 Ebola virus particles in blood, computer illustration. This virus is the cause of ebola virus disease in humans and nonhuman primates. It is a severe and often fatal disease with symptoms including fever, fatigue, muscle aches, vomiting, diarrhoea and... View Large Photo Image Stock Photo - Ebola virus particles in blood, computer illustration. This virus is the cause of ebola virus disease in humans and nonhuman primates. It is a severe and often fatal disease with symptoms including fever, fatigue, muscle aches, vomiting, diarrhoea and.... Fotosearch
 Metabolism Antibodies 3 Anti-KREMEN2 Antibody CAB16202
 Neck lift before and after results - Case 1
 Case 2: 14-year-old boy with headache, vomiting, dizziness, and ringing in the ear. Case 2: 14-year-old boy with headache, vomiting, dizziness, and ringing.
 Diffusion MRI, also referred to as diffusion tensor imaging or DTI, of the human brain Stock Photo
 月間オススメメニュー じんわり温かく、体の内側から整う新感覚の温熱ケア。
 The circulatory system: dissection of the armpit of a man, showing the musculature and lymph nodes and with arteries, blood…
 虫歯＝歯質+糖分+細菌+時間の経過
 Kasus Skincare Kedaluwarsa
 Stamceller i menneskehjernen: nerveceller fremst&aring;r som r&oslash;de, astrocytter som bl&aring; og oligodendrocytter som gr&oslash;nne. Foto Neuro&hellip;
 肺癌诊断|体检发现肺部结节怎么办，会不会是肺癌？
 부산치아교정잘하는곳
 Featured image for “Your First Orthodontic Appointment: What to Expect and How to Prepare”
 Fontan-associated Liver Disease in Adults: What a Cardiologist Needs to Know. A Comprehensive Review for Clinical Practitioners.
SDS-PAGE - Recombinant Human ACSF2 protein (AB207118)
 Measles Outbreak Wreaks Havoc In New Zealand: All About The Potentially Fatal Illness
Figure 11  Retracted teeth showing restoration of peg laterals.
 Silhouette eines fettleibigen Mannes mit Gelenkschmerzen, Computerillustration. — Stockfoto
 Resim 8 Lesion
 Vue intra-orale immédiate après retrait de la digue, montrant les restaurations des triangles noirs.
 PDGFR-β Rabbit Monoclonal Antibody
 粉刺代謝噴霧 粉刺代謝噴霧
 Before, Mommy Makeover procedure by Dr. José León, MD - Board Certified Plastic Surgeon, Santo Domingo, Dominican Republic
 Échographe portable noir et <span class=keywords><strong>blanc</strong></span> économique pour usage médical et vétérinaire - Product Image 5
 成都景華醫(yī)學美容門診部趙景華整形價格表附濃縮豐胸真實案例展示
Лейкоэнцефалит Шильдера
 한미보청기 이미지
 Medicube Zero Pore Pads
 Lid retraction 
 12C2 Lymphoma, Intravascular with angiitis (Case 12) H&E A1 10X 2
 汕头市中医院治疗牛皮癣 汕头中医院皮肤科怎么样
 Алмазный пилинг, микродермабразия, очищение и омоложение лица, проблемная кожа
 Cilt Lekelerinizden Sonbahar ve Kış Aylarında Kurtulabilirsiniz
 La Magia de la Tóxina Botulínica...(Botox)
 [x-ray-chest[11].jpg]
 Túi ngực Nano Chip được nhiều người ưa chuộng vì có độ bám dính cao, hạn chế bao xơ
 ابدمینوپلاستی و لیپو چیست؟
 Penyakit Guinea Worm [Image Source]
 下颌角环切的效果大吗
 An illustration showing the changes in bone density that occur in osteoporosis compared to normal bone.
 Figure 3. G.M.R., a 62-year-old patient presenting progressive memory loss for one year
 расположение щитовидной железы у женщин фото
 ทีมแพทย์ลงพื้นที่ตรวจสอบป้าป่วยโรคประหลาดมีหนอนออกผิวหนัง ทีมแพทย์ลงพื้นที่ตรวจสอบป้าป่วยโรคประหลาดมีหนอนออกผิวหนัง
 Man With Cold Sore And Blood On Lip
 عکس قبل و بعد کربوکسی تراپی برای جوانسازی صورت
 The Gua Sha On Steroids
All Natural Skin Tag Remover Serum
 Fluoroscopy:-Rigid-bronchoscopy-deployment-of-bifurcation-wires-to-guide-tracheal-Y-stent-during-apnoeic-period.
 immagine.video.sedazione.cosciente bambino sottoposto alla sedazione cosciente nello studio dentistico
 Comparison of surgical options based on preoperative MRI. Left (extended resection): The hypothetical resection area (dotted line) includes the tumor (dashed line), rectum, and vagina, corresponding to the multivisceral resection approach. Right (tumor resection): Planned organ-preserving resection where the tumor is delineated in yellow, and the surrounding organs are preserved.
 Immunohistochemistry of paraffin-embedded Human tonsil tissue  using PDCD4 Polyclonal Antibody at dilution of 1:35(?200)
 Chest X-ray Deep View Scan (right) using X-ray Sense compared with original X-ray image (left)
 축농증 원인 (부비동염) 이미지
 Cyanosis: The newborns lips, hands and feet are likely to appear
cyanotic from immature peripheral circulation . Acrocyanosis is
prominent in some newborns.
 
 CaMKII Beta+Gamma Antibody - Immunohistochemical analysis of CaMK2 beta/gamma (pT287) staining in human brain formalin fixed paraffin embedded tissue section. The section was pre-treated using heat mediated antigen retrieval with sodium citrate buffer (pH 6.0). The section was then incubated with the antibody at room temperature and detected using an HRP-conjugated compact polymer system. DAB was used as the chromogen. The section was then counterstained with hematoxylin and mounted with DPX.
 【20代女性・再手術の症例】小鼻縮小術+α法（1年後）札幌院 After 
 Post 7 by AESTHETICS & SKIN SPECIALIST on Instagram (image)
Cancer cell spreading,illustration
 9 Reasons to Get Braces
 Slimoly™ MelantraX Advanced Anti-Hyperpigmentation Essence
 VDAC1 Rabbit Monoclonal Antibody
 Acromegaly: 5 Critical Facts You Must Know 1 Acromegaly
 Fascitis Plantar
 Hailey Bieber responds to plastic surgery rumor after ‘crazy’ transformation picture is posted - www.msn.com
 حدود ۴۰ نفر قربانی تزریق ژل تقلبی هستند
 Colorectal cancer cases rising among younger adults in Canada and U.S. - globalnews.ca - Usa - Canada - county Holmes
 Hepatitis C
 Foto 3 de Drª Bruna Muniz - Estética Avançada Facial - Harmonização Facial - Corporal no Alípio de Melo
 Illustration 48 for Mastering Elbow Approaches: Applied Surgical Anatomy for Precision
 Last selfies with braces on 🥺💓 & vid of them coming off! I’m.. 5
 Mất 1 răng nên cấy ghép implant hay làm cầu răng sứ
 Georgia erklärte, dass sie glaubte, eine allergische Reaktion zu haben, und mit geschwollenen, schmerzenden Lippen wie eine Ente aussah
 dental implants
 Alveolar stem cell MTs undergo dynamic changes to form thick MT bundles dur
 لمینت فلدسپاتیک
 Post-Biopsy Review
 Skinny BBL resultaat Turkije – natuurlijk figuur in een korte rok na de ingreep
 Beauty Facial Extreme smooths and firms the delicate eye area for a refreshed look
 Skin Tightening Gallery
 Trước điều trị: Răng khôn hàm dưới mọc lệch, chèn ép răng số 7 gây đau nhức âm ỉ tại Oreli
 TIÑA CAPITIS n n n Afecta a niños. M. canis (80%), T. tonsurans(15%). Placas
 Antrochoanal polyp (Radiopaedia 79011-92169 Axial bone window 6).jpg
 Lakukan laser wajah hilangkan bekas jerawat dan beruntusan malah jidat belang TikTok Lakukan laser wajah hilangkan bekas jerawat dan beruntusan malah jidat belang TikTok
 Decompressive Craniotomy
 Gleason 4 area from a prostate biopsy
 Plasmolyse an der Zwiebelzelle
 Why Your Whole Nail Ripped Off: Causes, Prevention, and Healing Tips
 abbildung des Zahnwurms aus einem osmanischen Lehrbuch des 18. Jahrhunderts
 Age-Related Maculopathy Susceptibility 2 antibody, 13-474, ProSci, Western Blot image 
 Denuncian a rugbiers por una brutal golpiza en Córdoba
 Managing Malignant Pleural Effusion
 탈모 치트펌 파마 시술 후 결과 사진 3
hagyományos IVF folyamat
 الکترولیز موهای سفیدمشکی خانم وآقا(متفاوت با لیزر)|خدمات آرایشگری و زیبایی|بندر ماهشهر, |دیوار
====
If the string "Rabbit" appears in a line of the entries, report the line.

THE COMPLETED TASK
 PDGFR-β Rabbit Monoclonal Antibody
 VDAC1 Rabbit Monoclonal Antibody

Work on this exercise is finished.